J. D. Morgenthaler, ``Static Analysis for a Software Transformation Tool'', Ph.D. Thesis, Technical Report CS97-552, Department of Computer Science and Engineering, University of California, San Diego, August 1997.


Software is difficult and costly to modify correctly. Automating tiresome mechanical tasks such as program restructuring is one approach to reducing the burden of software maintenance. Several restructuring tools have been proposed and prototyped, all centered on the concept of meaning-preserving transformations similar in spirit to compiler optimizations. Like optimizing compilers, these tools rely on static analysis to reason about the correctness of program changes. However, the cost (in both time and space) of static analysis serves as the limiting factor for transformation tools, resulting in slow, complex tool designs that scale poorly for use on large systems.

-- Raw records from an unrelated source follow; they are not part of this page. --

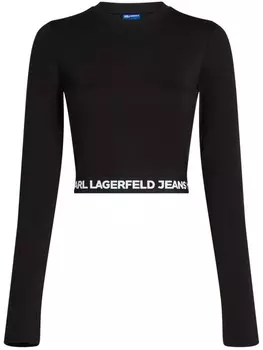Футболка с длинными рукавами Karl Lagerfeld Jeans, черный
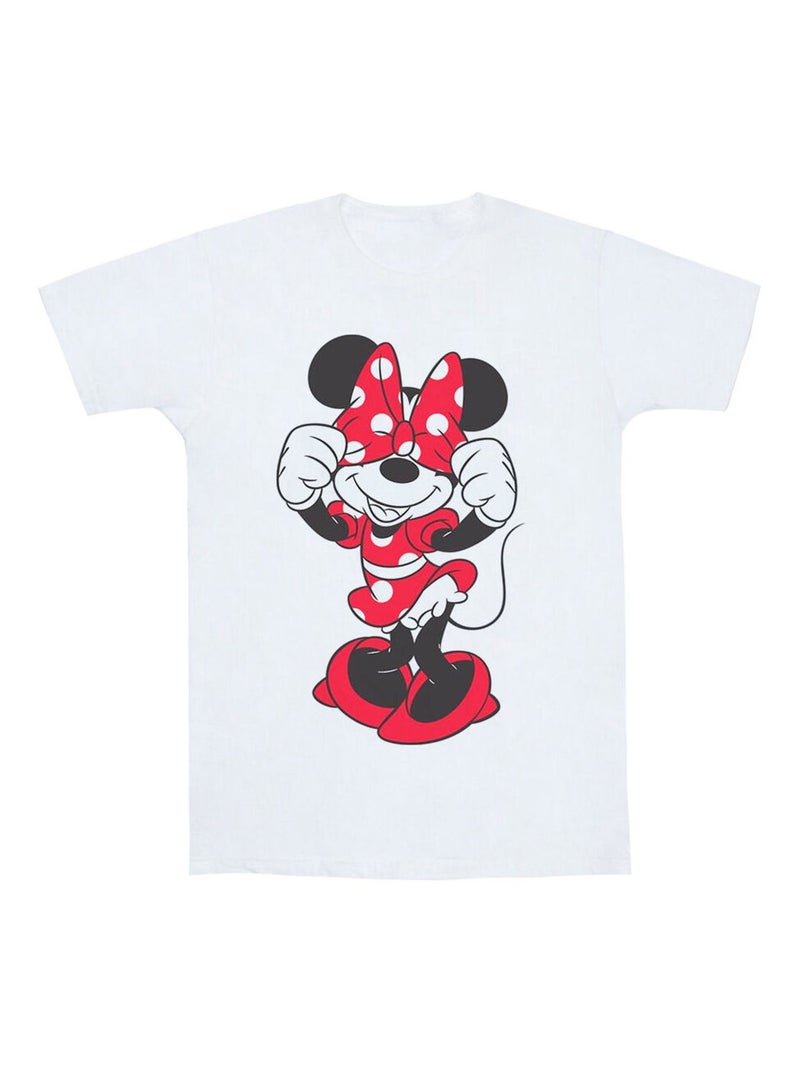 Disney - T-shirt motif Minnie Mouse motif/style Nœud Blanc - Kiabi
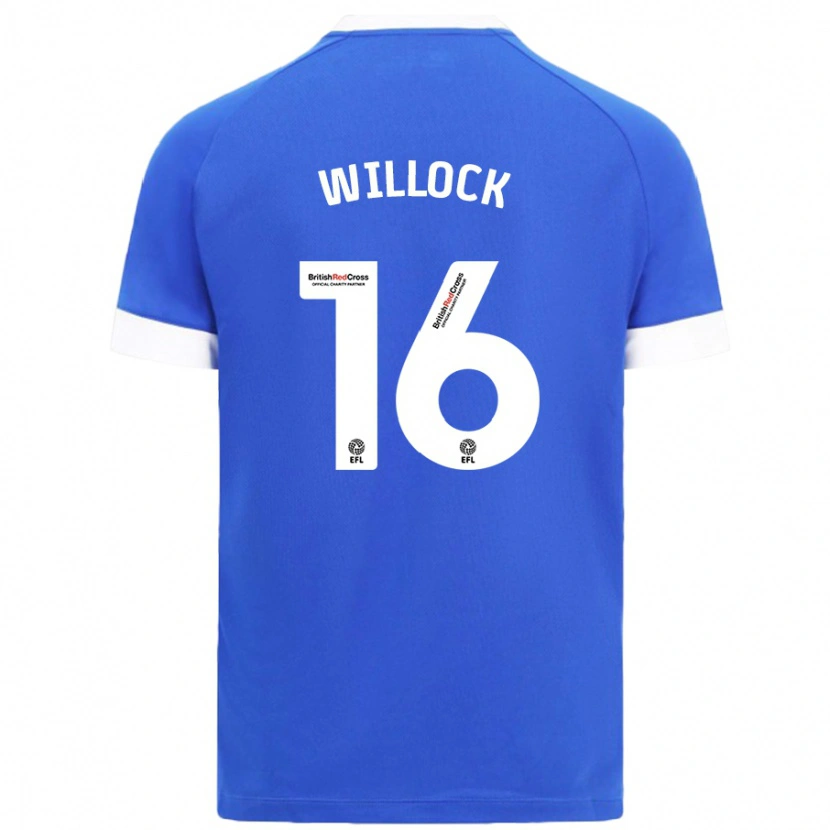 Danxen Kinder Chris Willock #16 Himmelblau Heimtrikot Trikot 2024/25 T-Shirt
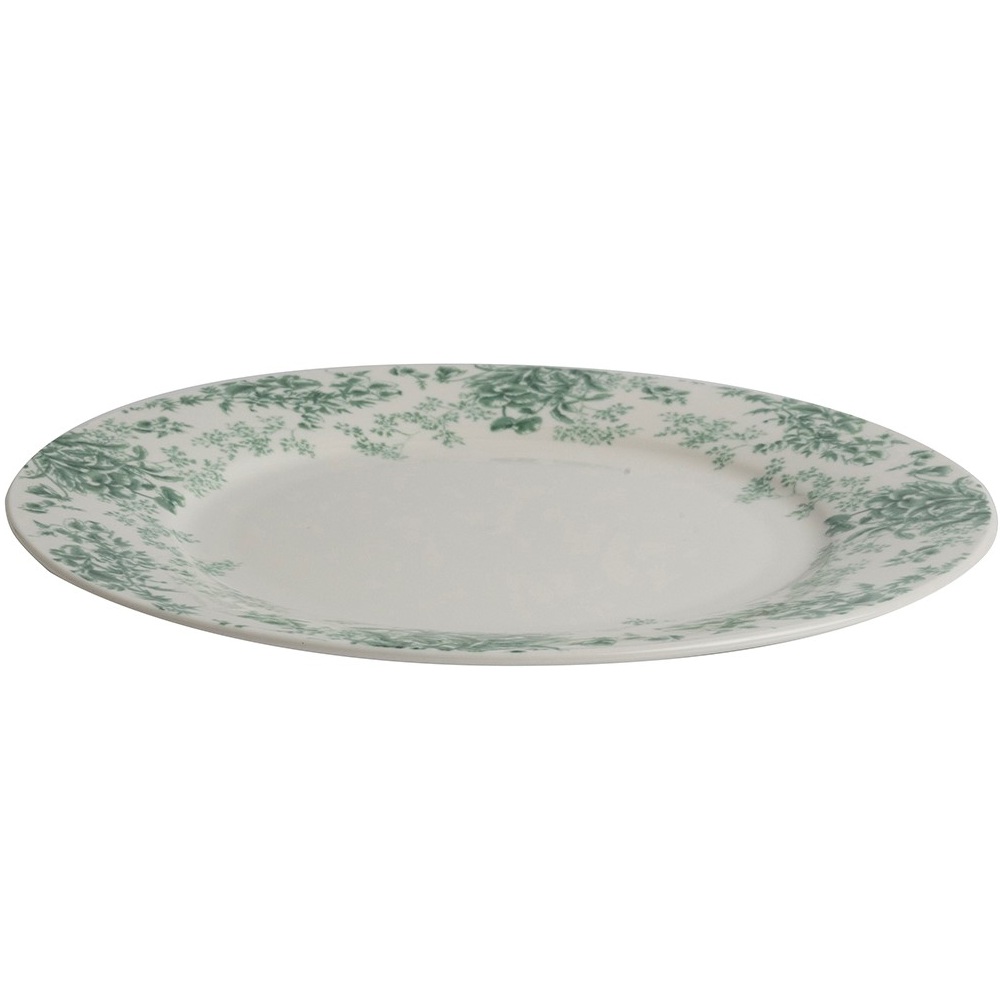 Πιάτο Ρηχό Πορσελάνη Flower Green 26 εκ. Laura Ashley Thurston Bloom LA184260 - 2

To reduce these costs, this thesis proposes efficient, demand-driven flow analysis techniques as an alternate to traditional, compiler-based methods. These techniques operate directly on the abstract syntax tree (AST), the data structure most appropriate for use in a source-to-source tool architecture. By eliminating the need for other program representations such as the standard control flow graph (CFG) or program dependence graph (PDG), this approach greatly simplifies program modification.

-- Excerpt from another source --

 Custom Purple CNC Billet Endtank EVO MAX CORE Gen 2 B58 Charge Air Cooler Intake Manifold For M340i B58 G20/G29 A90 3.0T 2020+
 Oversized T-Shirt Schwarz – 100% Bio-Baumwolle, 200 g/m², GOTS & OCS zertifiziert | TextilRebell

A key contribution of this work is the idea of virtual control flow, a method for computing the control successors or predecessors of individual AST expressions on demand. This method handles all types of structured and unstructured jumps found in an imperative programming language such as C. Virtual control flow couples well with demand-driven data flow analysis to minimize the cost of determining semantic information. To conservatively estimate data flow relationships, the effects of aliasing between memory locations can be inexpensively approximated using flow-insensitive points-to analysis based on type inference.

These techniques were implemented in a prototype tool called Cstructure to support a simple restructuring transformation for reordering program statements. To check that this transformation does not change the program's behavior requires syntax, control flow and data dependence analysis. Experimental results on three programs ranging in size from 72,000 to 213,000 lines of code demonstrate the performance advantages of such aggressive demand-driven approaches. For the largest program, gcc, check times for the average statement were 50 milliseconds on a desktop workstation.